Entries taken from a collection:
+ + + +

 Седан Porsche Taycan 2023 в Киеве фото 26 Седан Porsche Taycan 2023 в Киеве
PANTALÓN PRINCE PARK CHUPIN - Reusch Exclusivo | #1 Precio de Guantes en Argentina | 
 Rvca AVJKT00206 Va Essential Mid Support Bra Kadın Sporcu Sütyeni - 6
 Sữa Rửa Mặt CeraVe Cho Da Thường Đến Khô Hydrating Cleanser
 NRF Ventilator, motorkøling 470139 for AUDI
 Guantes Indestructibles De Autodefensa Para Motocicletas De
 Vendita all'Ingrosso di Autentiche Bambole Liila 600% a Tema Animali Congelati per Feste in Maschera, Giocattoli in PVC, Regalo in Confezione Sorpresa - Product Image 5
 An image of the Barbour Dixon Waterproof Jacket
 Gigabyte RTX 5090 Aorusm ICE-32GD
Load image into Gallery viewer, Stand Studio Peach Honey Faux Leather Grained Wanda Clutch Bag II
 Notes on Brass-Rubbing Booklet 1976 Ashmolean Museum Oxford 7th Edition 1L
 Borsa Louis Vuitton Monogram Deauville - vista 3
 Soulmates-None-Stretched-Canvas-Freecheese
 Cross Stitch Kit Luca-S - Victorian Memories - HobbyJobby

+ + + +

BRIEF | Reproduce only the lines between the line containing "Gigabyte RTX 5090 Aorusm ICE-32GD" and the last line of the records, those two lines included, exactly.

ANSWER AREA |
 Gigabyte RTX 5090 Aorusm ICE-32GD
Load image into Gallery viewer, Stand Studio Peach Honey Faux Leather Grained Wanda Clutch Bag II
 Notes on Brass-Rubbing Booklet 1976 Ashmolean Museum Oxford 7th Edition 1L
 Borsa Louis Vuitton Monogram Deauville - vista 3
 Soulmates-None-Stretched-Canvas-Freecheese
 Cross Stitch Kit Luca-S - Victorian Memories - HobbyJobby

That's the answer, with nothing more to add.